J'espère que vous suivez bien tous ces propos, parce que l'éducation devrait vous aider à comprendre la globalité de la vie et ne pas se contenter de vous préparer à trouver un emploi et à suivre la voie toute tracée, celle de votre mariage, de vos enfants, de votre police d'assurance, de vos pujas rituelles et de vos petits dieux. Mais mettre sur pied une éducation digne de ce nom suppose énormément d'intelligence, de profondeur de vision, c'est pourquoi il est si important que l'éducateur lui-même soit éduqué de manière à comprendre l'ensemble du processus de la vie, au lieu de se contenter d'enseigner en fonction de formules toutes faites, anciennes ou nouvelles.
La vie est un mystère extraordinaire, pas celui que décrivent les livres, ni celui dont parlent les gens, mais un mystère que chacun doit découvrir par lui-même ; c'est pourquoi il est si important que vous compreniez aussi tout ce qui est petit, étroit, mesquin, et que vous sachiez dépasser ces notions.
Si vous ne commencez pas à comprendre la vie tant que vous êtes jeunes, vous allez grandir en étant intérieurement laids, ternes et vides. Même si extérieurement vous avez de l'argent, vous roulez dans des voitures luxueuses, et vous prenez de grands airs. C'est pourquoi il est très important de quitter votre petite chambre et de percevoir toute l'immensité du firmament. Mais cela,.vous ne pouvez le faire que si vous avez l'amour, pas l'amour physique ou l'amour divin, mais simplement l'amour, qui consiste à aimer les oiseaux, les arbres, les fleurs, vos professeurs, vos parents et, au-delà de vos parents, l'humanité entière.
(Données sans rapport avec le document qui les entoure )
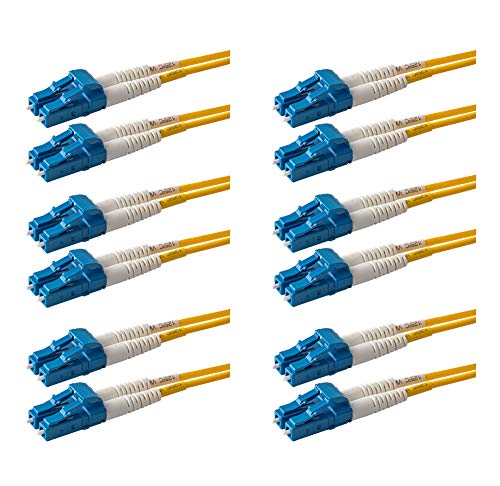 SpeedyFiberTX 6-Pack 0.5 MeterSpeedyFiberTX LC to LC Fiber Patch Cable, Corning SMF-28 Singlemode 9/125um Ultra Optical Fiber, OS1/OS2 Compatible, Duplex, Yellow LSZH Cable Jacket von SpeedyFiberTX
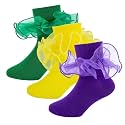 Girls Ruffle Socks Double Lace Turn Cuff Frilly Church Dress Socks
Si vous ne découvrez pas vous-mêmes ce que c'est que d'aimer, quelle immense tragédie! Si vous ne connaissez pas l'amour maintenant, jamais vous ne le connaîtrez car, en vieillissant, ce qu'on appelle l'amour deviendra quelque chose de très laid, une forme de possession, une espèce de marchandise qui s'achète et se vend. Mais si vous commencez dès à présent à avoir l'amour dans votre cœur, si vous aimez l'arbre que vous plantez, l'animal égaré que vous caressez, alors en grandissant vous ne resterez pas dans votre petite chambre à la fenêtre étroite, mais vous la quitterez et vous aimerez la vie dans son intégralité.
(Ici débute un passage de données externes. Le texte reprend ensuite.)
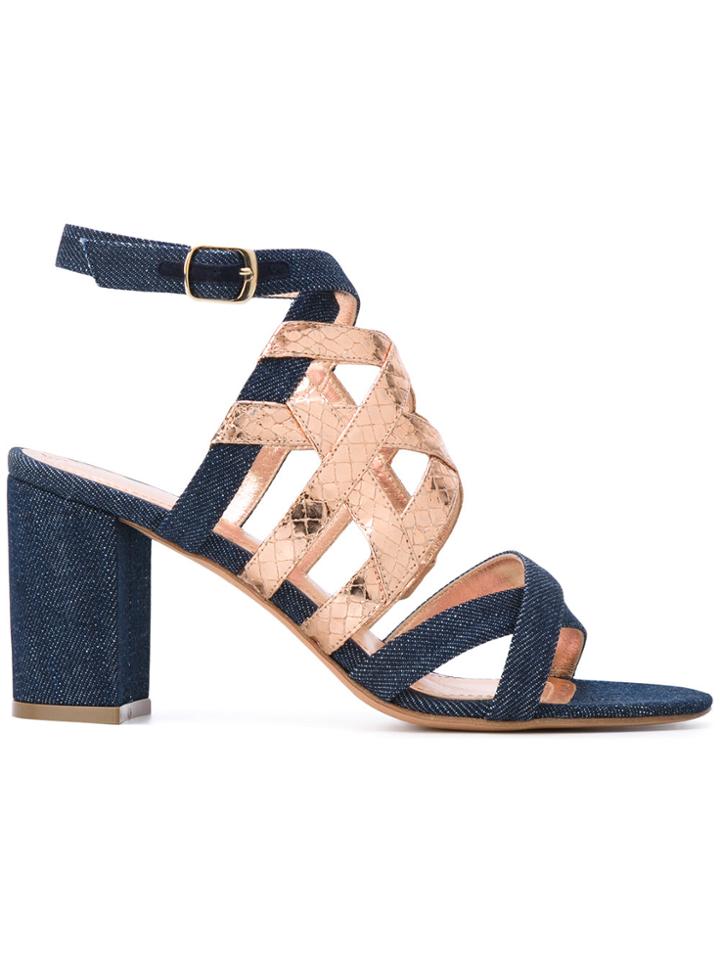 Jean-michel Cazabat Metallic Strap Denim Sandals - Blue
L'amour est factuel, il n'est pas émotionnel, il n'est pas prétexte à pleurer ; ce n'est pas un sentiment. L'amour est totalement exempt de sentimentalité. Et il est de la plus haute importance que vous sachiez ce qu'est l'amour tandis que vous êtes jeunes.
Vos parents et vos professeurs ne connaissent peut-être pas l'amour, et c'est pourquoi ils ont créé un univers terrible, une société perpétuellement en guerre contre elle- même et contre les autres sociétés. Leurs religions, leurs philosophies et leurs idéologies sont toutes fausses parce qu'ils sont sans amour.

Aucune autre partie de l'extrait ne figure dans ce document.